Many business owners know what their company’s experience mod factor is, but aren’t quite sure what it means or how it is calculated.
An experience mod is generally assigned to an employer whose annual workers’ compensation premium is more than a set dollar threshold specified by the state where the employer is based. Experience mods of employers with operations in multiple states are calculated by The National Council on Compensation Insurance (NCCI).
Below is a brief explanation of what elements are involved in an experience mod, how it is calculated and how it affects an employer’s workers’ compensation premium.
Essentially an employer’s experience mod attempts to show whether its actual workers’ compensation losses are higher or lower than its expected losses.

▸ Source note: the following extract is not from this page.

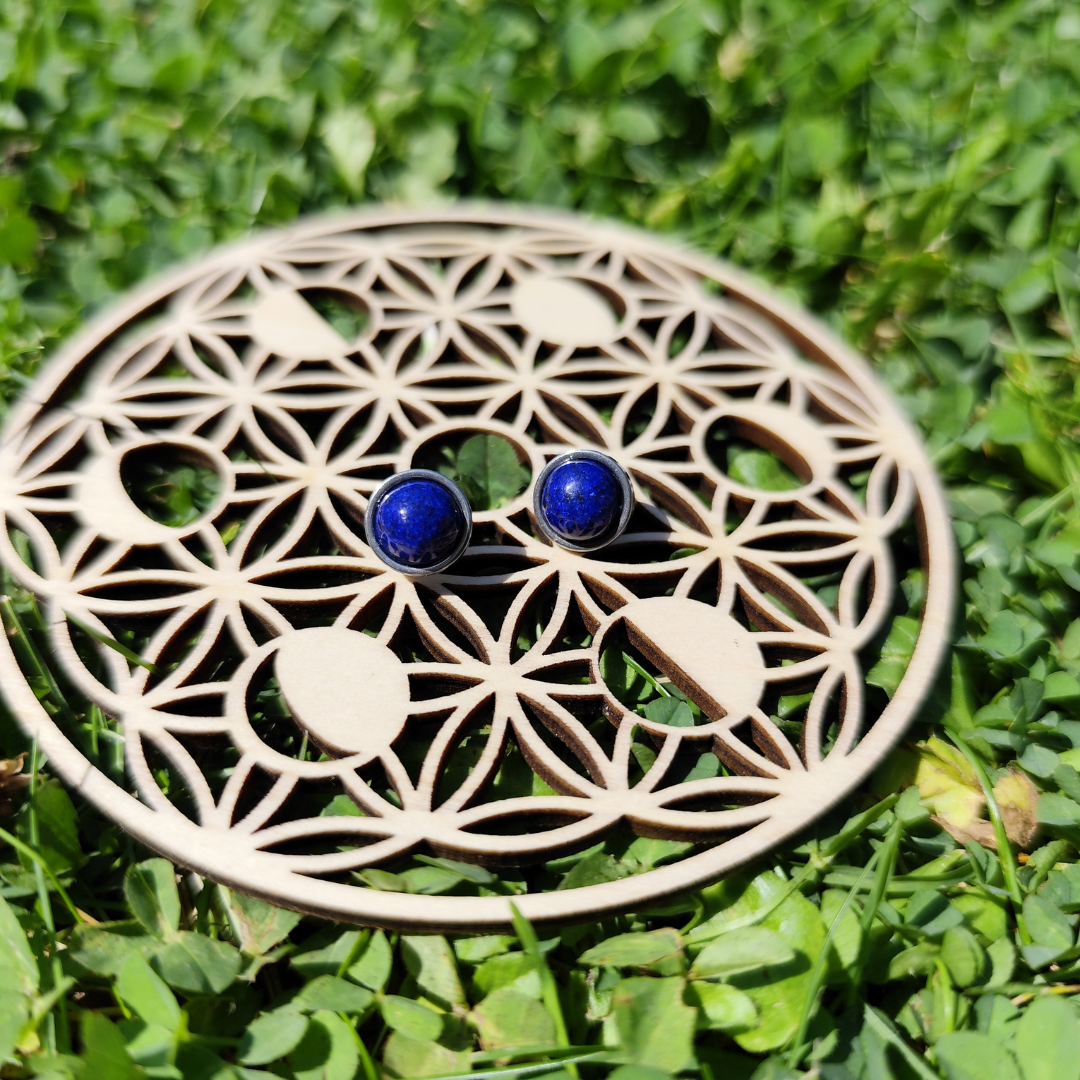 Boucles d'Oreilles Ronde en Acier Inoxydable Lapis Lazuli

At its core, the math used in determining this is actually quite simple;
“Actual losses” divided by “Expected losses” equals “Experience Modification Factor.”
An employer with an experience mod of 1.00 is exactly average in its claims cost loss experience compared to businesses of similar size and industry. An experience mod of less than 1.00 is better than average and subsequently, an experience mod of greater than 1.00 is worse than industry average.
Actual Losses
An employer’s actual losses include three years of claims costs, excluding the most recent policy period. So an experience mod for a policy period beginning on February 1, 2013 includes claim costs for the policy periods beginning on February 1, 2009, February 1, 2010, and February 1, 2011. When determining the claims costs however, some claims are excluded.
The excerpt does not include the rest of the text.